Martha greedily dug into the tall chocolate layer cake, covered with smooth swirls of sweet icing, cutting a huge slice for herself. The piece of cake was big enough to include two pink roses and the letters M-A-R-T. Her mouth watered as she carefully lifted the piece of cake with a silver cake server and placed it on a saucer.
Martha’s father looked on from the doorway. As Martha glanced up at him, she saw that he was shaking his head slowly, his mouth twisted into a disapproving sneer, When he realized that his daughter was watching him, he quickly looked away, and disappeared.
Martha experienced a sinking feeling then, along with a sudden wish that her friends would go away and leave her alone. The party was no longer fun, and she choked on every mouthful of the cake. It tasted dry, and every swallow was a great effort, but she was determined to finish every last crumb. She would show him, she resolved, blinking hard to keep her tears from spoiling everyone else’s fun.

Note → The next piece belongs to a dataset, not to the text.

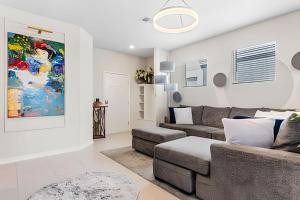 Refúgio 5Q Windsor Island Resort c Rio Lento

Now that same feeling had returned. “I’ll show him,” Martha told the remains of the brownie that clung to her fingers in big moist clumps. “I’ll get so thin...” and she sniffled loudly as she licked the last bit of brownie off her thumb.
* * * *
That Wednesday it rained, and Martha wore black to work in honor of both the day and her mood. She hadn’t been able to sleep, kept awake more by feeling surprised and hurt than by feeling angry. She didn’t know what had happened, but she knew that it would be a cold day in hell before another brownie passed through her lips.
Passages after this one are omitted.